### Work required:
Return all of the data exactly as written, without the pictures.

### Given material:
((
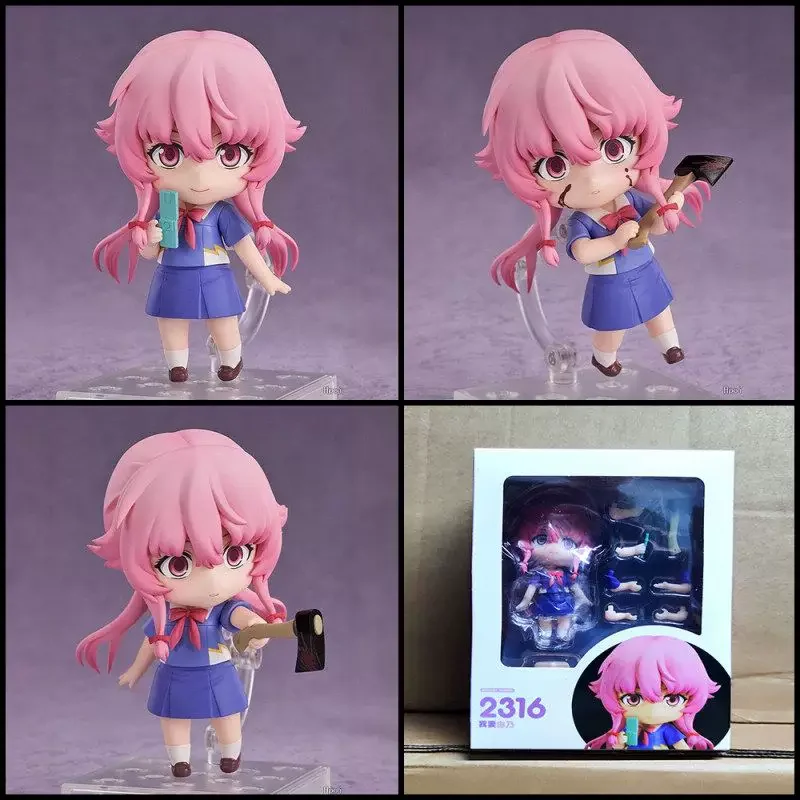 Neue Nendoroid Yuno Gasai 2316 Future Diary bewegliche Actionfiguren Anime-Modellspielzeug mit austauschbarem Gesicht Desktop-Ornament Geschenk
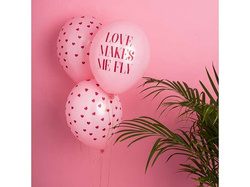 Balony Różowy w czerwone serduszka 30 cm, 1 szt.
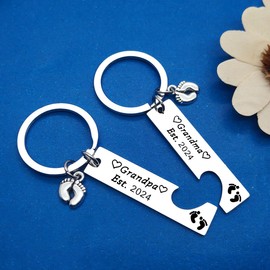 Grandparent Gift Grandpa to Be Keychain Gift for Grandma to Be Grandchild Announcement Gift New Grandparents Gift Grandparents to be Keyrings New Grandma Jewelry New Grandpa Gift Future Grandparents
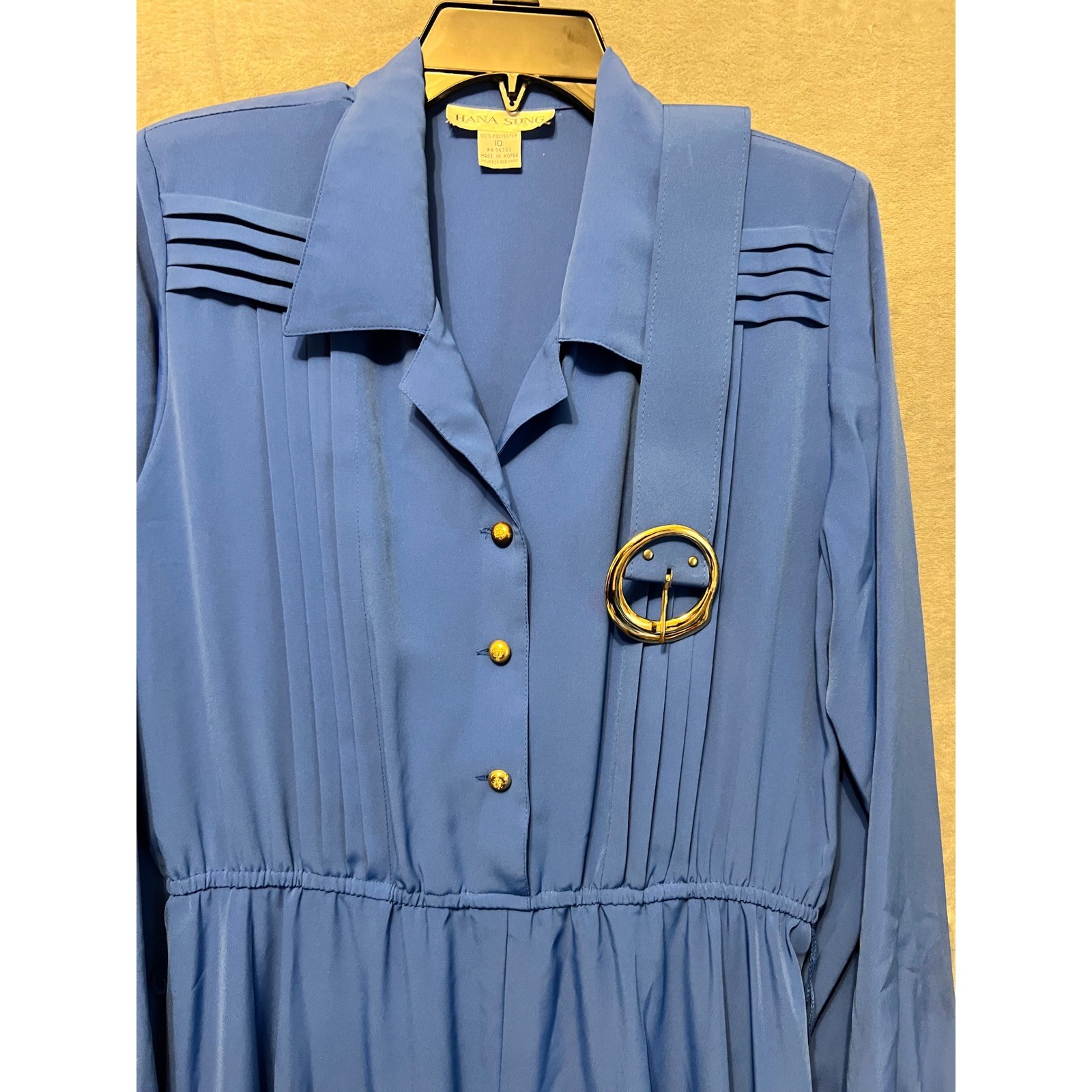 Hana Sung Blue Midi Dress Gold Buttons Belt Accent Pleated Vintage Korea Size 10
))
### Written answer:
 Neue Nendoroid Yuno Gasai 2316 Future Diary bewegliche Actionfiguren Anime-Modellspielzeug mit austauschbarem Gesicht Desktop-Ornament Geschenk
 Balony Różowy w czerwone serduszka 30 cm, 1 szt.
 Grandparent Gift Grandpa to Be Keychain Gift for Grandma to Be Grandchild Announcement Gift New Grandparents Gift Grandparents to be Keyrings New Grandma Jewelry New Grandpa Gift Future Grandparents
 Hana Sung Blue Midi Dress Gold Buttons Belt Accent Pleated Vintage Korea Size 10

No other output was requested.